L’Eglise Protestante Unie de France

Les Eglises historiques

Notre Eglise locale est membre de l’Eglise Protestante Unie de France (EPUdF).

Au sein du protestantisme français, elle représente le principal et le plus large mouvement regroupant les Eglises historiques. L’Eglise Protestante Unie de France est issue de la fusion entre l’Eglise Réformée de France et l’Eglise Luthérienne de France, qui a eu lieu en 2013.

Environ 300 000 personnes sont membres de l’une des 450 paroisses affiliées à l’EPUdF. Ces congrégations sont desservies par environ 400 pasteurs, dans l’un des quelques 960 temples répartis sur le territoire.

Une Eglise enracinée dans l’Histoire

L’Eglise Protestante Unie de France est directement issue du grand réveil que fut la Réforme du XVIe siècle et des communautés protestantes et réformées qui en sont nées.

Interpellés par le Saint-Esprit, des chrétiens de toute l’Europe redécouvrirent en lisant les Saintes-Ecritures la centralité de la personne du Christ, le Salut par la foi et le rôle d’autorité suprême des Ecritures pour la vie de l’Eglise.

En France l’un de ces chrétiens s’appelait Jean Calvin. Subjugué par la puissance de l’Evangile, ses idées de Réforme se propagèrent en France et dans le reste du monde.

Dès le milieu du XVIe siècle, inspirées par ces idées, les premières Eglises Réformées de France se rassemblèrent et formulèrent ensemble la Confession de la Rochelle.

Une Eglise de témoins et de martyrs

Dans les siècles suivants, les protestants de France furent soumis à diverses pressions de la part du pouvoir en place. En 1598 fut signé l’Edit de Nantes qui reconnaissait l’existence légale des protestants, tout en les soumettant à un statut largement inférieur.

Le pouvoir royal révoqua l’Edit de Nantes en 1685, sommant les communautés de se dissoudre et les pasteurs et leurs familles de quitter le territoire sous peine de mort. Ceux qui restèrent durent abandonner leur foi ou tout perdre. Les persécutions reprirent, avec leurs lots de conversions forcées tandis qu’un quart des neuf-cent-mille protestants français préférèrent prendre l’exil.

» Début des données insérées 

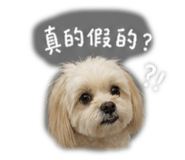 843435136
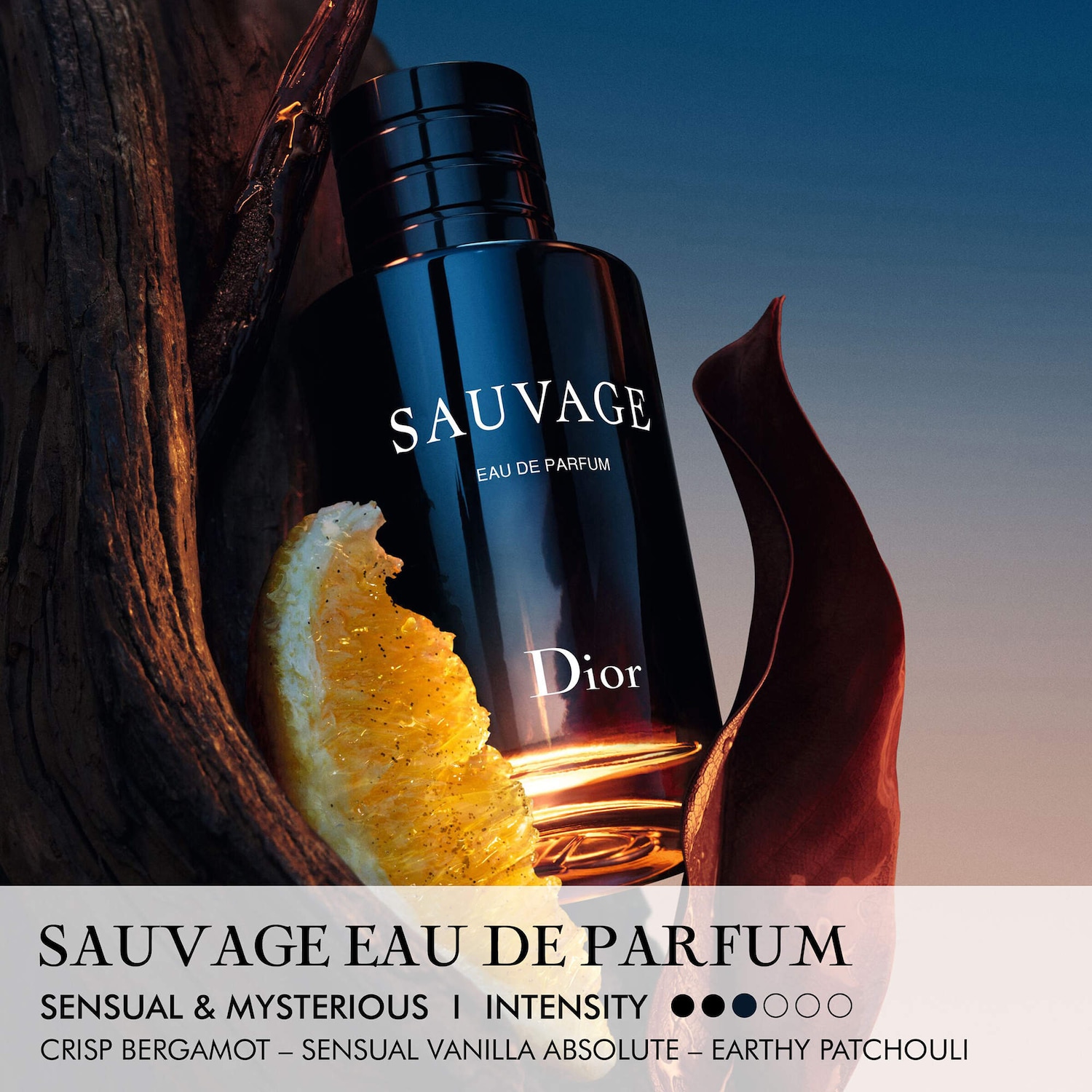Sauvage Eau de Parfum - Dior | Sephora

Une Eglise travaillée par l’Esprit

C’est durant cette période de persécution, alors que les pasteurs restants étaient mis à mort, que l’Esprit souffla de façon encore plus manifeste sur l’Eglise.

Privés de leurs bergers, accablés par les persécuteurs, le petit peuple protestant des Cévennes et du Dauphiné se réfugia dans sa foi en Dieu et reçut l’encouragement et la consolation de l’Esprit, se traduisant par des dons prophétiques et par la puissance des miracles et des prodiges.

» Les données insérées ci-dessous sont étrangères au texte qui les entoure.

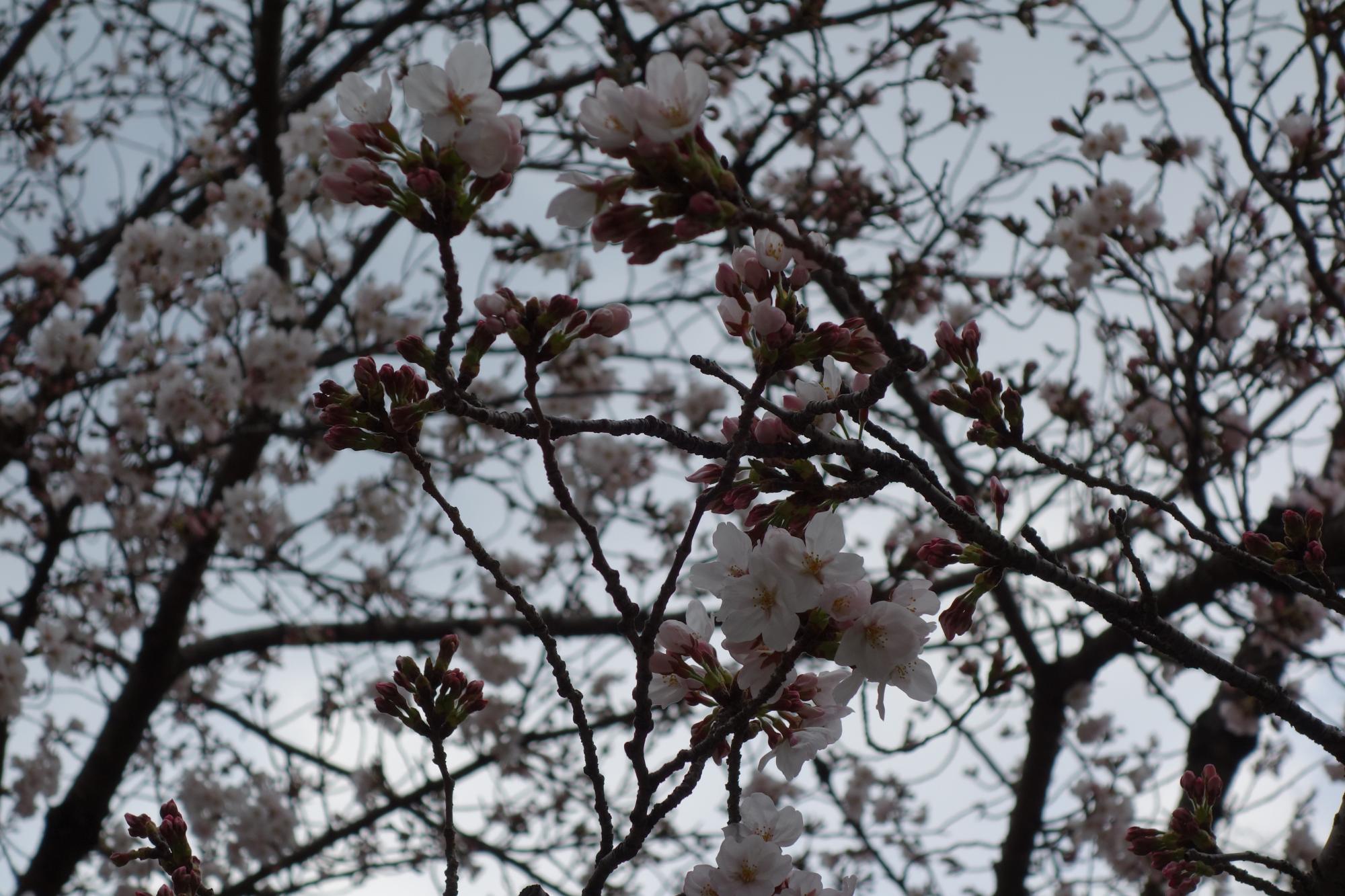 2019年3月28日（木）桜の開花状況を公開しました。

Une Eglise devenue théologiquement diversifiée

A partir du début du XIXe siècle, les persécutions d’Etat cessèrent mais les Protestants français eurent à vivre leur foi dans un contexte marqué par le scepticisme critique et le rationalisme. L’Eglise fut façonnée par deux courants principaux qui coexistent jusqu’à aujourd’hui.

D’une part, le courant libéral, tributaire de la philosophie des Lumières qui relativise la notion de vérité immuable. Son influence s’est récemment fait sentir au Synode de Sète de 2015, où l’Eglise Protestante Unie de France a pris la décision d’ouvrir la bénédiction des couples mariés aux couples de même sexe.

De l’autre le courant confessant, qui continue de professer les vérités contenues dans les Écritures et parmi lequel l’Esprit suscita plusieurs réveils aux XIXe et XXe siècles.